Members sought clarification on the Living Well at Home domiciliary care arrangements and whether these operated under a contract. Officers explained that the Living Well at Home offer operated through a Framework, which providers could join. When care was required, the brokerage team identified needs through assessment and issued requirements to providers on the Framework to secure appropriate care.

 

Members were reminded that assessments were undertaken in line with the Care Act 2014, and that where an individual was assessed as having eligible needs under the Act, they would receive services to meet those needs in line with statutory duties.

 

The Sub?Board discussed the Jack Sears House model and queried whether it was being sufficiently promoted.
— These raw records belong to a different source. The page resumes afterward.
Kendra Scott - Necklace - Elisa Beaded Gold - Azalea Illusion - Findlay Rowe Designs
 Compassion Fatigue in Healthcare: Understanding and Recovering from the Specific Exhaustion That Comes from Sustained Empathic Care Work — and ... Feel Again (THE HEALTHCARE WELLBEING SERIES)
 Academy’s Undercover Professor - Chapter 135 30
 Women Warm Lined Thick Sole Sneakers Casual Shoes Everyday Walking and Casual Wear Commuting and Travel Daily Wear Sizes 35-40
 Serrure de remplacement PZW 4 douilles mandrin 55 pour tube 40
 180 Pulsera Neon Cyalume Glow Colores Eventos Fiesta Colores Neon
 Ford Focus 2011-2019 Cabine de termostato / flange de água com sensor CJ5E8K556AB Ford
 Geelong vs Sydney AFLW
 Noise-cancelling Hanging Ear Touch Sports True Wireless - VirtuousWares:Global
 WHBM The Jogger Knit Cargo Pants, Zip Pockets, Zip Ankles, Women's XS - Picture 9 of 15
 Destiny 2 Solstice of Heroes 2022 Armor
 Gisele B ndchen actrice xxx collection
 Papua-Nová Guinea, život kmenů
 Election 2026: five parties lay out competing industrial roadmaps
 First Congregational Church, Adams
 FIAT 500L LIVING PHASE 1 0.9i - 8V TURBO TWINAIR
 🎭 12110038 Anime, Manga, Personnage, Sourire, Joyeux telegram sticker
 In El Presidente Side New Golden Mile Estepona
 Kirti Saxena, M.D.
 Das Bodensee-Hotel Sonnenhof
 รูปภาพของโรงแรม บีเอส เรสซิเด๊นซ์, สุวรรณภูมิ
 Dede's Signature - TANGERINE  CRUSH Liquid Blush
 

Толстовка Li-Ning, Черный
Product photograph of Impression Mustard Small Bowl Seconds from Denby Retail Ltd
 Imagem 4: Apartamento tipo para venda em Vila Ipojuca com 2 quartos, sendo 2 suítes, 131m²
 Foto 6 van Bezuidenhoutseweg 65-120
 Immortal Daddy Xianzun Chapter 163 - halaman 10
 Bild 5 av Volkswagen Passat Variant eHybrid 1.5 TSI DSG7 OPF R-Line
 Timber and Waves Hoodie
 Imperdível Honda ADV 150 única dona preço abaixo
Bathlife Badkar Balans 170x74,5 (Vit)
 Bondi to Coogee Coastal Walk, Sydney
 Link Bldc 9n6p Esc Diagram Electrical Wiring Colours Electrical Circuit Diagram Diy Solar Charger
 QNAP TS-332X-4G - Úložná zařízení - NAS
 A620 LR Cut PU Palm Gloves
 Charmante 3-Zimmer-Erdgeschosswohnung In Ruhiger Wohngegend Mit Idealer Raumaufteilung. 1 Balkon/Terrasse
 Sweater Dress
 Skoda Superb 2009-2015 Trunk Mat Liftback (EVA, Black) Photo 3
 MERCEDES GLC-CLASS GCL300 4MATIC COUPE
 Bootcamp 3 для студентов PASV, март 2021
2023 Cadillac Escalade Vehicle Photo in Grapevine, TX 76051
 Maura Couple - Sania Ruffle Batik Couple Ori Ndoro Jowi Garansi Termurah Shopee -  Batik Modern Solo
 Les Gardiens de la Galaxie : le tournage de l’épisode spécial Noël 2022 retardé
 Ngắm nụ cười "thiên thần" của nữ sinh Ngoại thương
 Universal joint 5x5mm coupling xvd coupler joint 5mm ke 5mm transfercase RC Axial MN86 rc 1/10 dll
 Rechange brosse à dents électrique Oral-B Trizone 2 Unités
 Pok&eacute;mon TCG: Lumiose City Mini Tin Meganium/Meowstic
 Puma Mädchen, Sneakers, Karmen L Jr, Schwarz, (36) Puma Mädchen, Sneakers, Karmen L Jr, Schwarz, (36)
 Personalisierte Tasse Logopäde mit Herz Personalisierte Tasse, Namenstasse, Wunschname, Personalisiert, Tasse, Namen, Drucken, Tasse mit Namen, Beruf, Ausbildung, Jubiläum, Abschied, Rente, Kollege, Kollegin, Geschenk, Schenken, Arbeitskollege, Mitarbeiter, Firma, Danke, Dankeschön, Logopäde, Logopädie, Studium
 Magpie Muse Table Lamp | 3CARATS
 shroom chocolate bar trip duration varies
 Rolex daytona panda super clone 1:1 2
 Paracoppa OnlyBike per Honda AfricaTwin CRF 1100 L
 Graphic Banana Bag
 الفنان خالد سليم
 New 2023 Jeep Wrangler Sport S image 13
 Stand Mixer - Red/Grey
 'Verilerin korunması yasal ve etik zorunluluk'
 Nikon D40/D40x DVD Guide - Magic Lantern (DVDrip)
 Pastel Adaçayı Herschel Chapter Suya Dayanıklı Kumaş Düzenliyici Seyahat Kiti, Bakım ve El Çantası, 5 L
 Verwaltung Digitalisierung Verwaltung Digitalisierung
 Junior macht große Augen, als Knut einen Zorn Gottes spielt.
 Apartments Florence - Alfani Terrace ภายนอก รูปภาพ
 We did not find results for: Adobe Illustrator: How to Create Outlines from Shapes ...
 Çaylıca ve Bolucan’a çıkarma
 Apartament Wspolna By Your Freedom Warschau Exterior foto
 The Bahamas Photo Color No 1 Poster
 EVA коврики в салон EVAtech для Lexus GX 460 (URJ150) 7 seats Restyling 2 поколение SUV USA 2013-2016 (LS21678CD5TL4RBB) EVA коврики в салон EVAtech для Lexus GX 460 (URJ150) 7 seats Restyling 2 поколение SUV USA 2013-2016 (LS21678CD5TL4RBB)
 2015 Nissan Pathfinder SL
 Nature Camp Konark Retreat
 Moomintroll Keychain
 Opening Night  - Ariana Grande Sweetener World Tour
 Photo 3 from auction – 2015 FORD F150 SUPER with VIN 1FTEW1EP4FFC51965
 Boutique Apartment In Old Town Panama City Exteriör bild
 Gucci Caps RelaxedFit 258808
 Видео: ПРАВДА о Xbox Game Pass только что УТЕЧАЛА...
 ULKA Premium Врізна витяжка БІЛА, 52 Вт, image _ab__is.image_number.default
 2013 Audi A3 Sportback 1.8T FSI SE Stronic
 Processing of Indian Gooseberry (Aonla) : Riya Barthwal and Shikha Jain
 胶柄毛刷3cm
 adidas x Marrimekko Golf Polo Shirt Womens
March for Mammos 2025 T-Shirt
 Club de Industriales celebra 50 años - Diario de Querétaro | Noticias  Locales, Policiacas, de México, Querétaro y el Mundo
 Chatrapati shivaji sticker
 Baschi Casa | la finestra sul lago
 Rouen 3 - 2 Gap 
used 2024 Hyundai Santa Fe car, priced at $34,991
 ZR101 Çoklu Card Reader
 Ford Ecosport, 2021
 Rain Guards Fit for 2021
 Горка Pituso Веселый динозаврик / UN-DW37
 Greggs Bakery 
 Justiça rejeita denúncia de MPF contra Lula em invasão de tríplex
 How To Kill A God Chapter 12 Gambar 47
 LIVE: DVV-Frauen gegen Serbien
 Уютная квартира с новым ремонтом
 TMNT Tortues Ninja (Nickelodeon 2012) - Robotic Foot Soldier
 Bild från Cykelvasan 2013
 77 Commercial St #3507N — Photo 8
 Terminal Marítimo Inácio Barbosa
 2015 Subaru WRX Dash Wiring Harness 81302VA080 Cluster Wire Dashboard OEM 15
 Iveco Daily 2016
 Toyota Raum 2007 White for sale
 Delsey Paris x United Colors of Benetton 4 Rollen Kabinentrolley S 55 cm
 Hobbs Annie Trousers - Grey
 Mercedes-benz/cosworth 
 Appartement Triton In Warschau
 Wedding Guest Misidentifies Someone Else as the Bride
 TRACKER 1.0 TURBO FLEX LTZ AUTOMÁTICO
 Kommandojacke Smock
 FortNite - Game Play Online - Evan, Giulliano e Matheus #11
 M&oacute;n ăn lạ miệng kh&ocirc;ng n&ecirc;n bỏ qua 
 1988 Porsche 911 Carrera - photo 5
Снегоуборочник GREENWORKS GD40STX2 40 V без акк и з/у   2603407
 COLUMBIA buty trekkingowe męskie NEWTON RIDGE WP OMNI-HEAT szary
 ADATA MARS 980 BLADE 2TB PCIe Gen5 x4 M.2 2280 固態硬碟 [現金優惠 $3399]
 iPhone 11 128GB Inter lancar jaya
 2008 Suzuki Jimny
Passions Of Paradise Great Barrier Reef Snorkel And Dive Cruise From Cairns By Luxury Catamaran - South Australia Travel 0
Members expressed the view that the approach was strong and should be more actively championed. Officers acknowledged that greater emphasis was required to ensure people were supported to return to their own homes where appropriate. It was noted that the CQC report reinforced the importance of this approach and that, regardless of the future of the Section 75 arrangements, the core principle of protecting and promoting independence remained central. Officers also referenced the NHS 10?Year Plan, which reinforced the need to equip people with the tools to maintain independence.

 

Members queried how the Council assured itself that care homes were following their own procedures and meeting wider health needs, such as dental care. The Divisional Director of Adult Social Care advised that where a person was at risk of harm or abuse, this would be addressed through safeguarding processes. Where concerns related to failure to provide routine care, this might constitute a CQC regulatory matter. Where issues related to access to services, such as dentistry, responsibility could sit with the Integrated Care Board (ICB). It was noted that Healthwatch received significant feedback regarding access to dentistry generally, though not specifically from care home residents, and Members were encouraged to direct relevant concerns to Healthwatch to support wider monitoring.

 

The Sub?Board discussed nutrition, particularly in the context of dementia and Alzheimer’s disease. The Divisional Director of Adult Social Care advised that under the Care Act the Council’s responsibility related to ensuring individuals were supported to eat and drink, rather than determining the nutritional content of their diet. It was acknowledged that there was no specific system wide focus on nutrition in relation to dementia. Officers confirmed that individuals retained choice and control over what food they purchased and consumed.

 

Workforce challenges were discussed, including staff turnover. Officers advised that turnover often reflected staff moving between providers rather than leaving the sector entirely. Members were informed that reliance on overseas workers presented a risk to workforce stability, particularly given recent changes to immigration arrangements.

 

Actions:

 

1) that the Chair of the Adult Social Care and Health Overview and Scrutiny Sub-Board write to the Integrated Care Board to request that they attend to discuss dentistry access for care home residents and those in supported living.  In addition, the Divisional Director for Adult Social Care identify the responsible bodies for other services such as opticians and chiropody in order for the Chair of the Adult Social Care and Health Overview and Scrutiny Sub-Board to write to them seeking details as to how care home residents access these services; and

 

2) that the Director of Public Health attend a future meeting of the Adult Social Care and Health Overview and Scrutiny Board to present to Members Public Health activities regarding healthy weight/nutrition with a focus on older people.